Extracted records
• • • • •

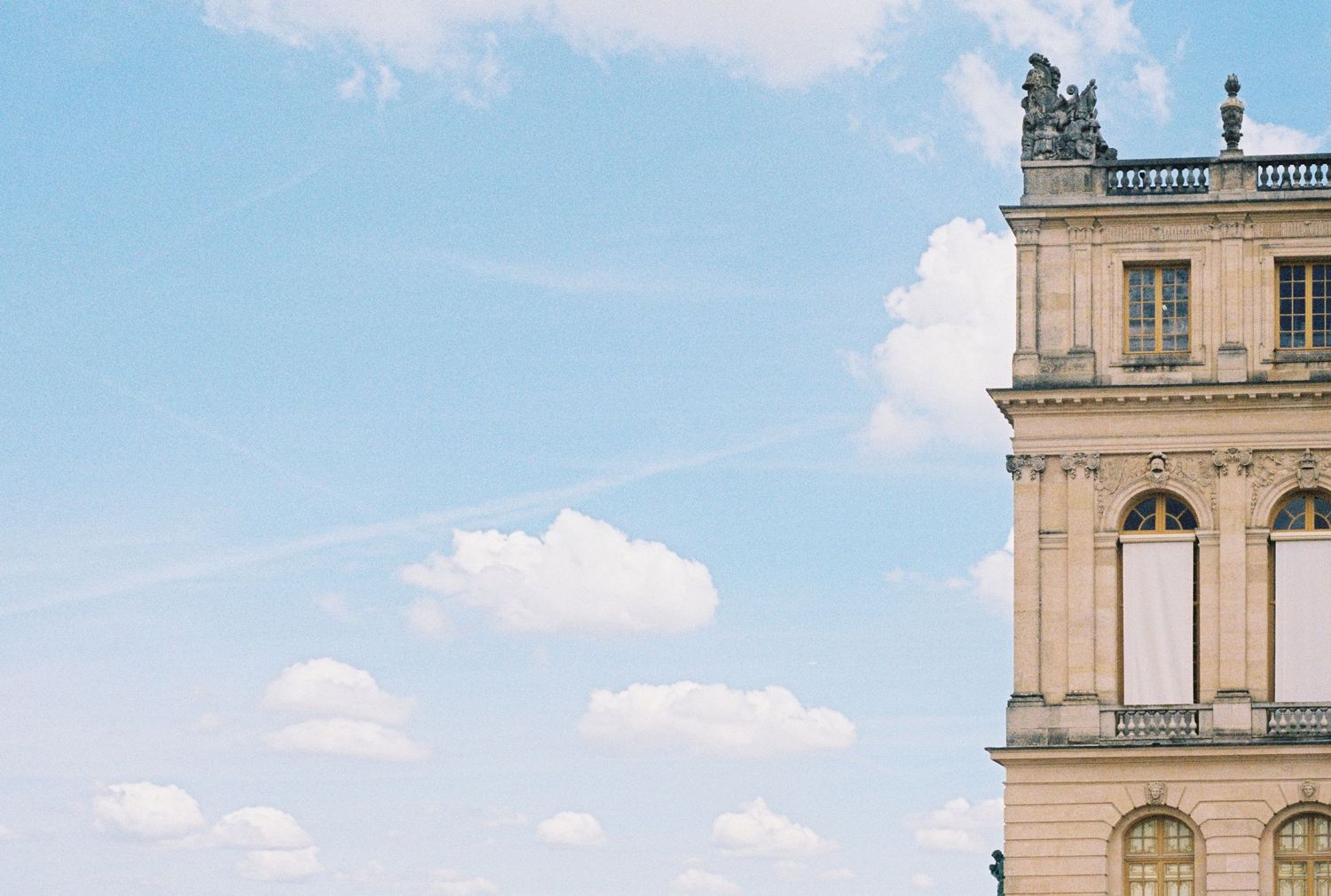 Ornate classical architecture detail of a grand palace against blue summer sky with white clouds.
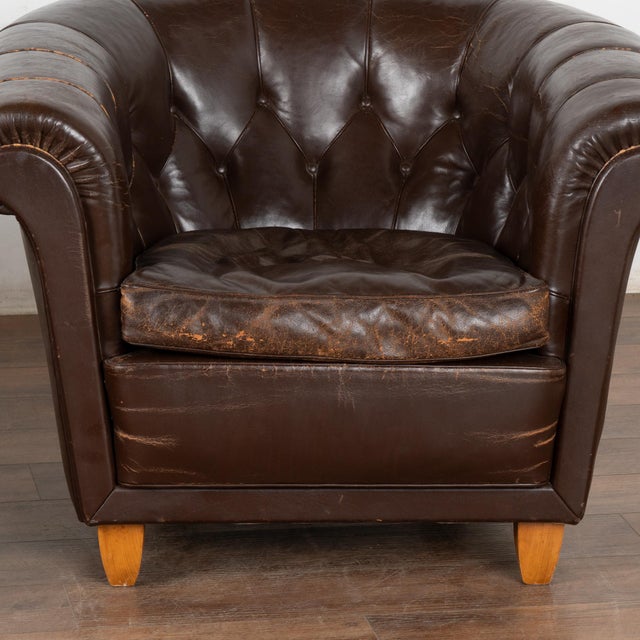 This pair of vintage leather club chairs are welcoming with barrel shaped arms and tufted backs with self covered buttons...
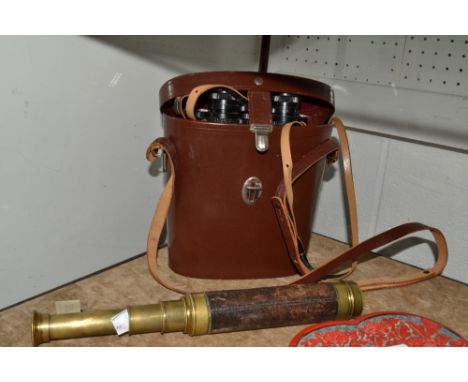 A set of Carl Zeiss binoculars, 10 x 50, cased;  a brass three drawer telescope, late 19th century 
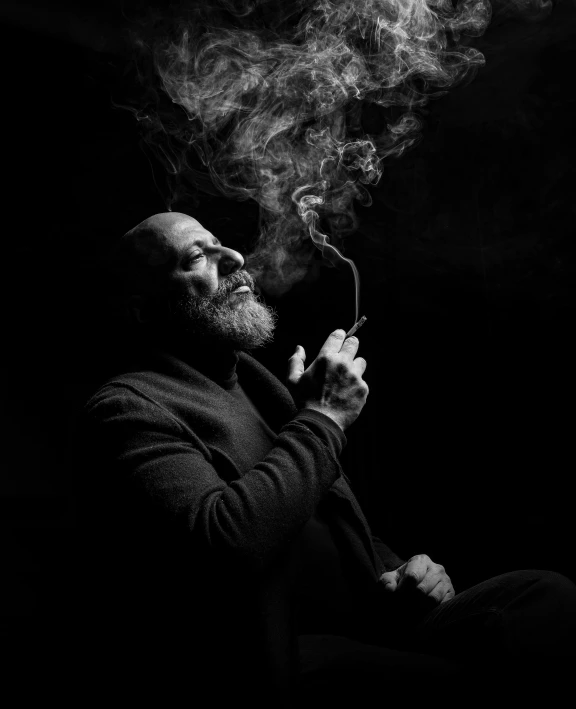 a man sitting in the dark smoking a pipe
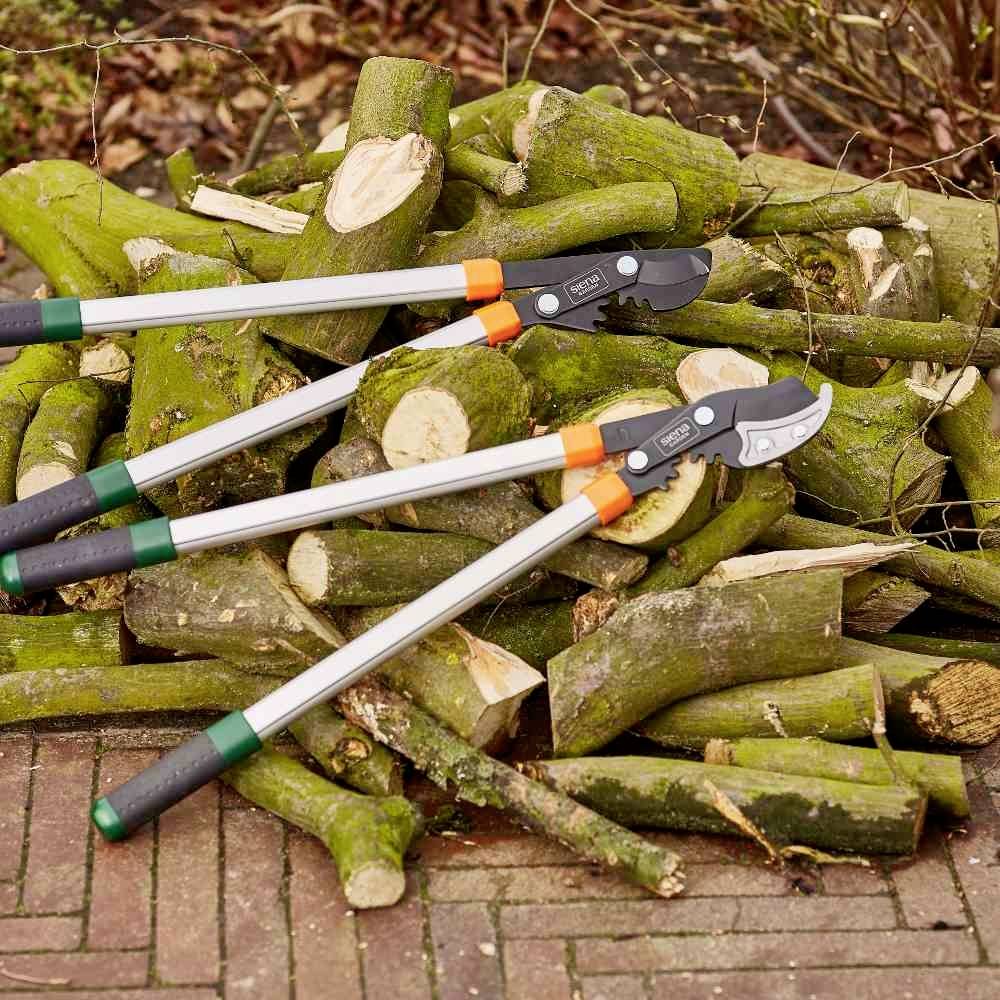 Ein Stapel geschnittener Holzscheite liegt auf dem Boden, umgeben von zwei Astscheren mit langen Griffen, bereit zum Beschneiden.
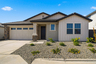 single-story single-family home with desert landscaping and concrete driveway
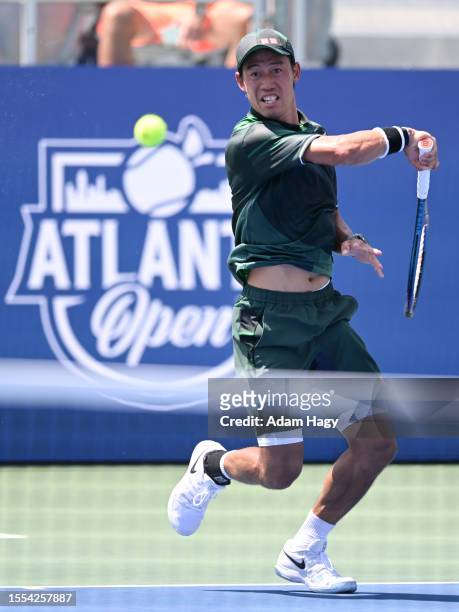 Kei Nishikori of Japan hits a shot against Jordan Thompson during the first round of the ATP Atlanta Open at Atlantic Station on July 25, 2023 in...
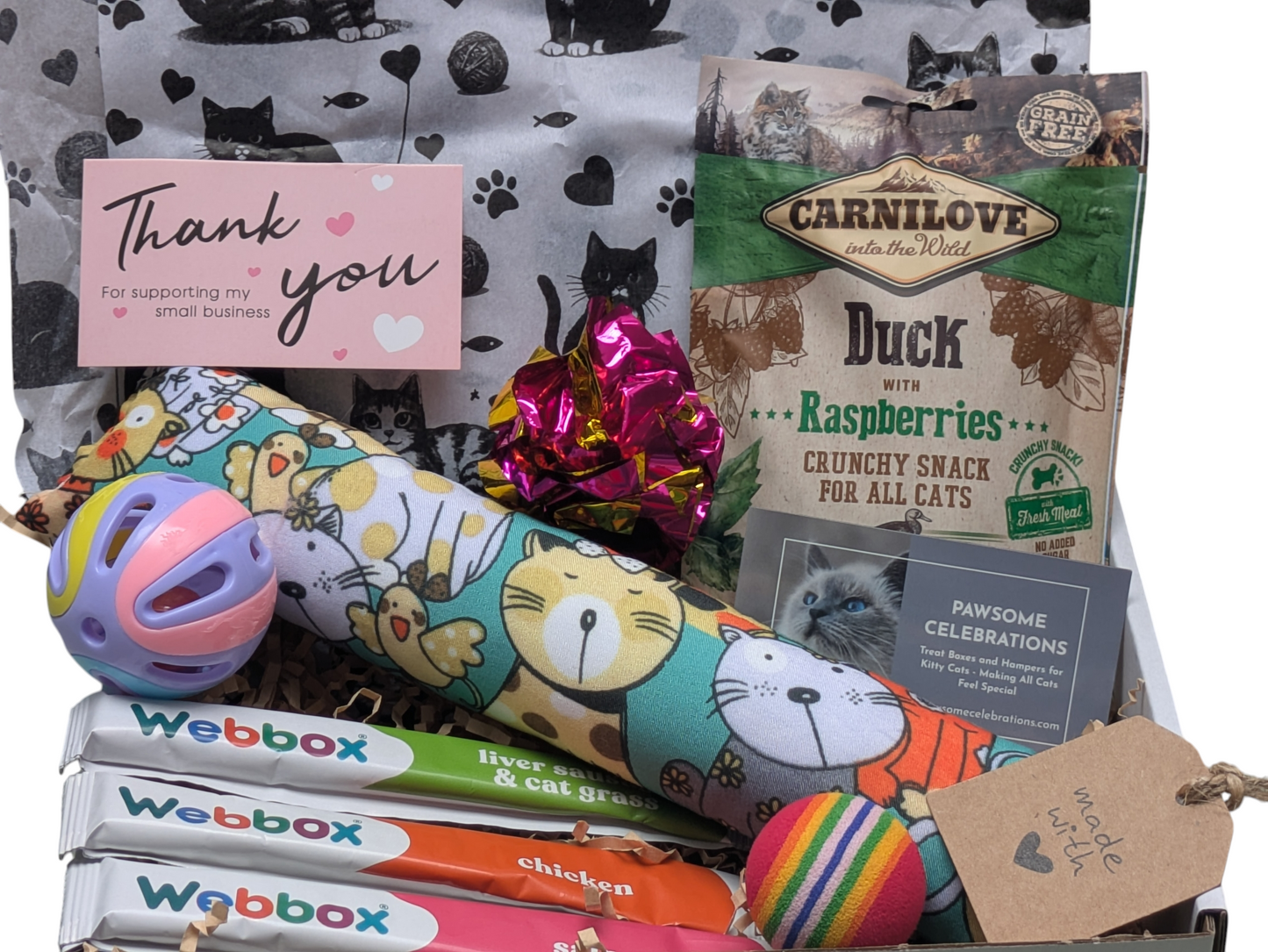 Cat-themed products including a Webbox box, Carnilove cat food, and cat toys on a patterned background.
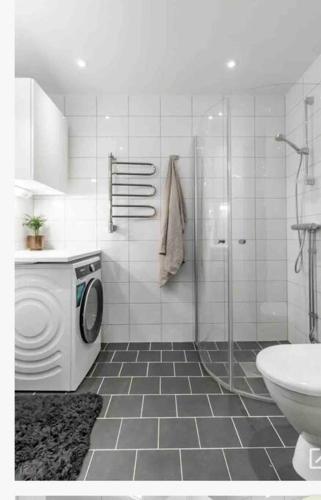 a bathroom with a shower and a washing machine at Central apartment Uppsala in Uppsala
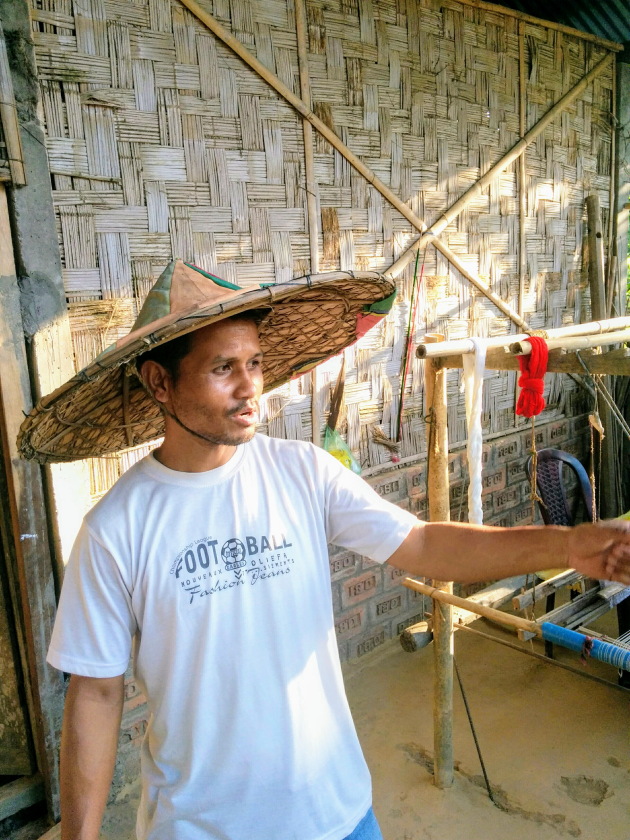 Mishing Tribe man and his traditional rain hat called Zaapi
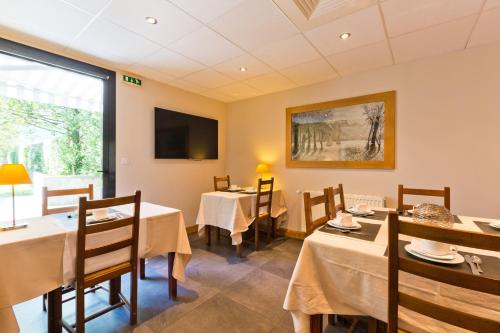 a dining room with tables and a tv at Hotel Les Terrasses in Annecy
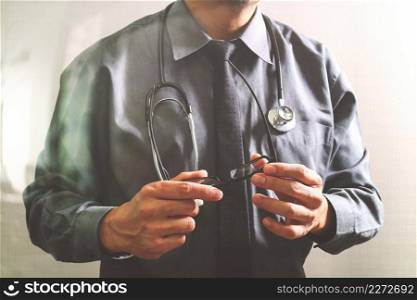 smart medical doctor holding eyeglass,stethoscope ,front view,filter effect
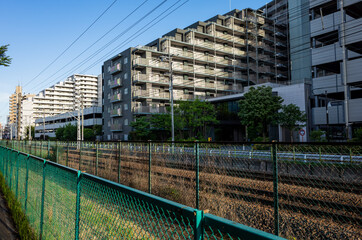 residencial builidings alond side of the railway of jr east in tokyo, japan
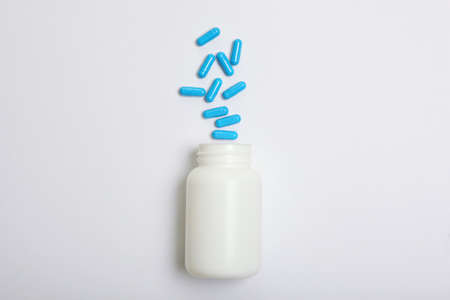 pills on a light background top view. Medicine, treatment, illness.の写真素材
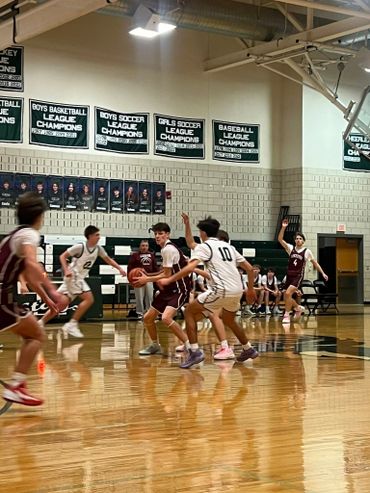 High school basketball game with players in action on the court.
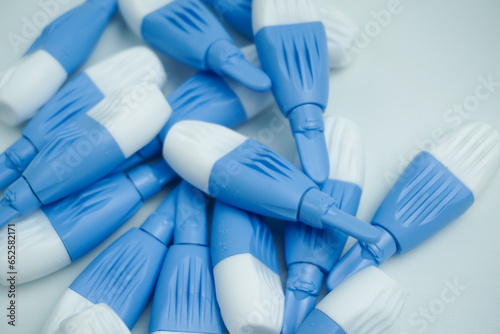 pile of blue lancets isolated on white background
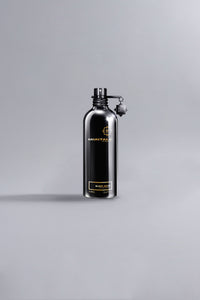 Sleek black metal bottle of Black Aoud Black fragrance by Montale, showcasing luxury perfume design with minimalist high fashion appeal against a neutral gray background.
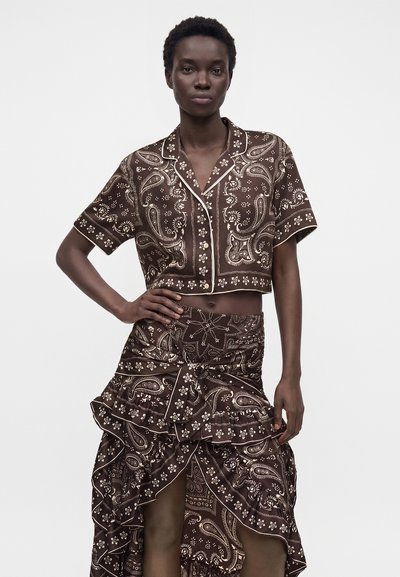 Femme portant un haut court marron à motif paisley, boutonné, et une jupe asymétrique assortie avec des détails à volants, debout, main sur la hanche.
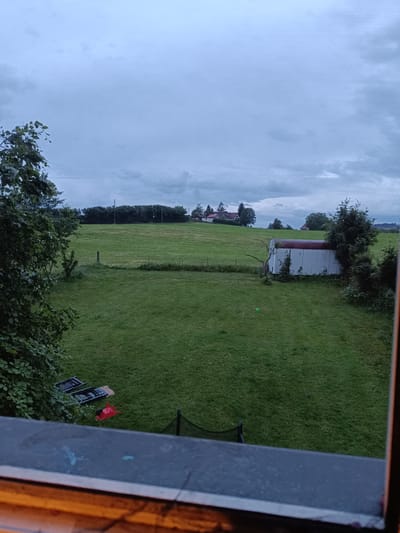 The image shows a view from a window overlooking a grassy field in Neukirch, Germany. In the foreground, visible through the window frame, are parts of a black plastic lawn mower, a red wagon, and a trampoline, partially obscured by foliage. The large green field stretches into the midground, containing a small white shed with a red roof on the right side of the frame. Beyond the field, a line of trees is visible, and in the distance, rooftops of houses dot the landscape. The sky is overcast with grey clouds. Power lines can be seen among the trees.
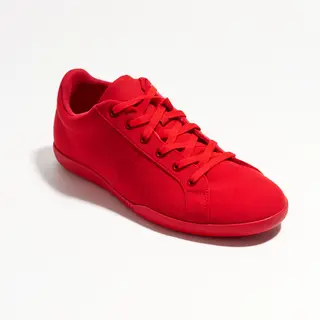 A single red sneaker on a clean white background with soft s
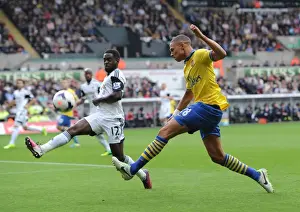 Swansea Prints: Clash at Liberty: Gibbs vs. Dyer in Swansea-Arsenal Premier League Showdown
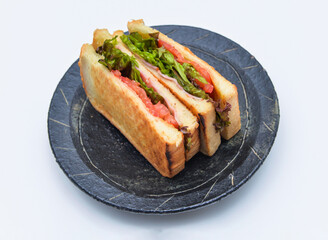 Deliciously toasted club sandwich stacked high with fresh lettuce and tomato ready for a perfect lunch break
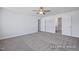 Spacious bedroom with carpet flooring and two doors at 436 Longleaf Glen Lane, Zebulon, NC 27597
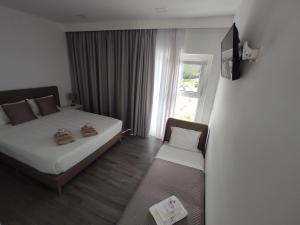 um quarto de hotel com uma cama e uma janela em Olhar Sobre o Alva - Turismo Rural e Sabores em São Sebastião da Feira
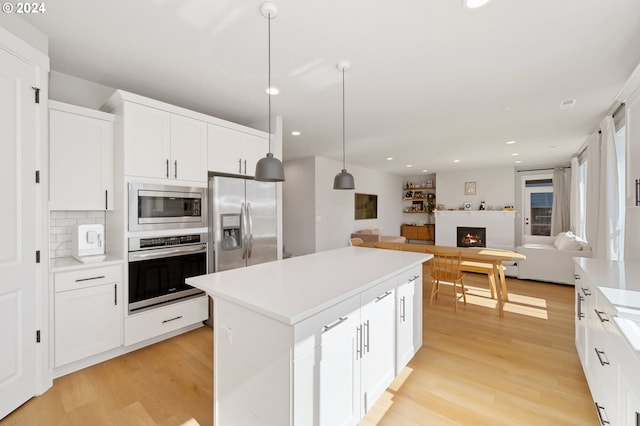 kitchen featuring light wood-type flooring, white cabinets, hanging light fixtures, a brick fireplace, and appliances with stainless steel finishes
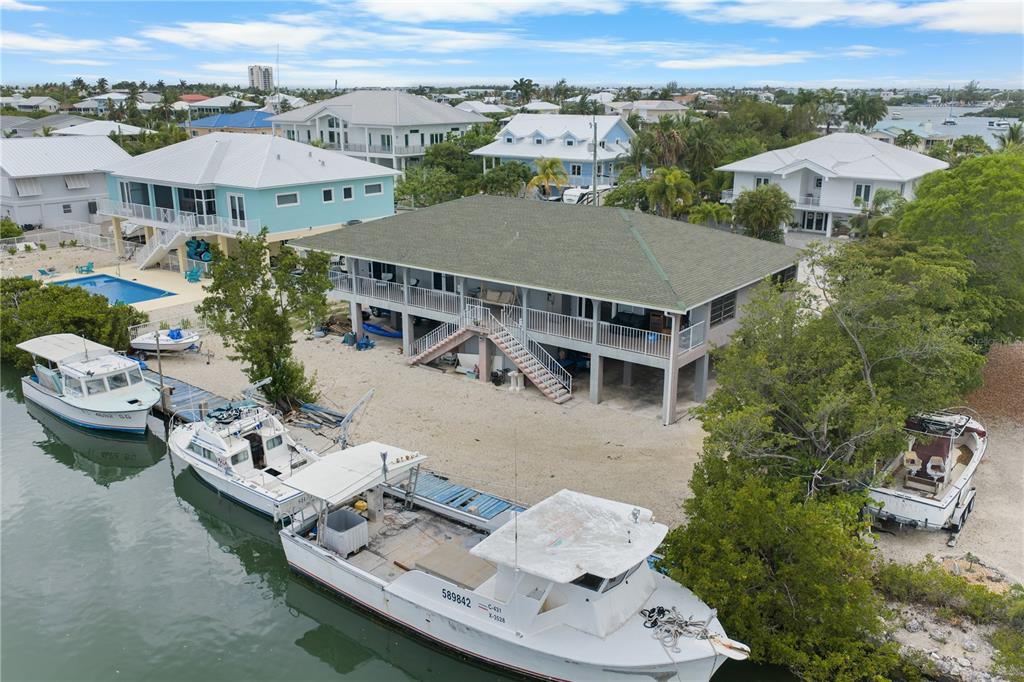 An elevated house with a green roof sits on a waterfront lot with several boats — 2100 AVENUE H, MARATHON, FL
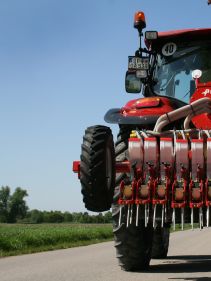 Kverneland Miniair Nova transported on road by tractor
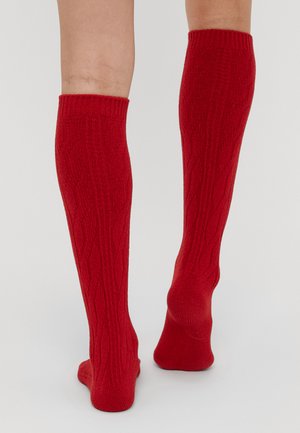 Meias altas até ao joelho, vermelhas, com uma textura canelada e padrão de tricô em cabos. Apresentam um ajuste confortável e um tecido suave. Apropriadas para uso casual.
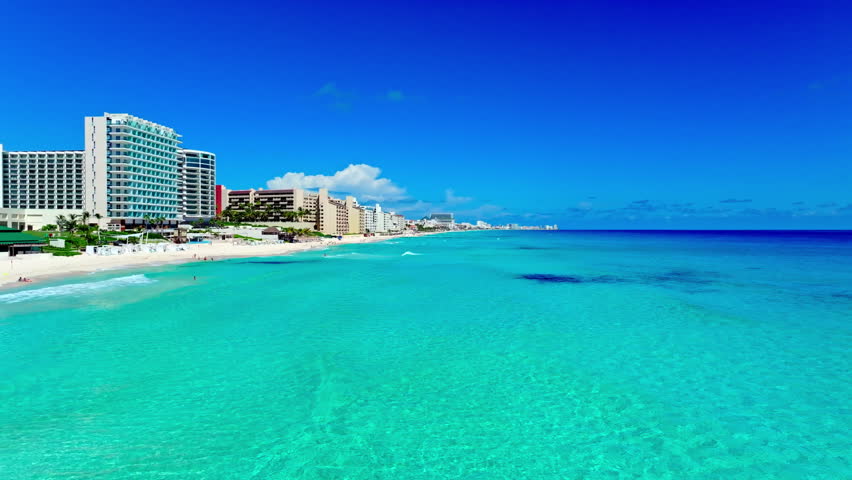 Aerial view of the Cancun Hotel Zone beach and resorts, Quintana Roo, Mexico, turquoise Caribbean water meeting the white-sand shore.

• • • • •

--- About this exercise ---
Wherever a picture appears, omit it; copy the rest of the data exactly.

--- Task solution ---
 Ornate classical architecture detail of a grand palace against blue summer sky with white clouds.
 This pair of vintage leather club chairs are welcoming with barrel shaped arms and tufted backs with self covered buttons...
 A set of Carl Zeiss binoculars, 10 x 50, cased;  a brass three drawer telescope, late 19th century 
 a man sitting in the dark smoking a pipe
 Ein Stapel geschnittener Holzscheite liegt auf dem Boden, umgeben von zwei Astscheren mit langen Griffen, bereit zum Beschneiden.
 single-story single-family home with desert landscaping and concrete driveway
 Kei Nishikori of Japan hits a shot against Jordan Thompson during the first round of the ATP Atlanta Open at Atlantic Station on July 25, 2023 in...
 Cat-themed products including a Webbox box, Carnilove cat food, and cat toys on a patterned background.
 a bathroom with a shower and a washing machine at Central apartment Uppsala in Uppsala
 Mishing Tribe man and his traditional rain hat called Zaapi
 a dining room with tables and a tv at Hotel Les Terrasses in Annecy
 smart medical doctor holding eyeglass,stethoscope ,front view,filter effect
 residencial builidings alond side of the railway of jr east in tokyo, japan
 pills on a light background top view. Medicine, treatment, illness.の写真素材
 High school basketball game with players in action on the court.
 pile of blue lancets isolated on white background
 Sleek black metal bottle of Black Aoud Black fragrance by Montale, showcasing luxury perfume design with minimalist high fashion appeal against a neutral gray background.
 Femme portant un haut court marron à motif paisley, boutonné, et une jupe asymétrique assortie avec des détails à volants, debout, main sur la hanche.
 The image shows a view from a window overlooking a grassy field in Neukirch, Germany. In the foreground, visible through the window frame, are parts of a black plastic lawn mower, a red wagon, and a trampoline, partially obscured by foliage. The large green field stretches into the midground, containing a small white shed with a red roof on the right side of the frame. Beyond the field, a line of trees is visible, and in the distance, rooftops of houses dot the landscape. The sky is overcast with grey clouds. Power lines can be seen among the trees.
 A single red sneaker on a clean white background with soft s
 Swansea Prints: Clash at Liberty: Gibbs vs. Dyer in Swansea-Arsenal Premier League Showdown
 Deliciously toasted club sandwich stacked high with fresh lettuce and tomato ready for a perfect lunch break
 Spacious bedroom with carpet flooring and two doors at 436 Longleaf Glen Lane, Zebulon, NC 27597
 um quarto de hotel com uma cama e uma janela em Olhar Sobre o Alva - Turismo Rural e Sabores em São Sebastião da Feira
 kitchen featuring light wood-type flooring, white cabinets, hanging light fixtures, a brick fireplace, and appliances with stainless steel finishes
 An elevated house with a green roof sits on a waterfront lot with several boats — 2100 AVENUE H, MARATHON, FL
 Kverneland Miniair Nova transported on road by tractor
 Meias altas até ao joelho, vermelhas, com uma textura canelada e padrão de tricô em cabos. Apresentam um ajuste confortável e um tecido suave. Apropriadas para uso casual.
 Aerial view of the Cancun Hotel Zone beach and resorts, Quintana Roo, Mexico, turquoise Caribbean water meeting the white-sand shore.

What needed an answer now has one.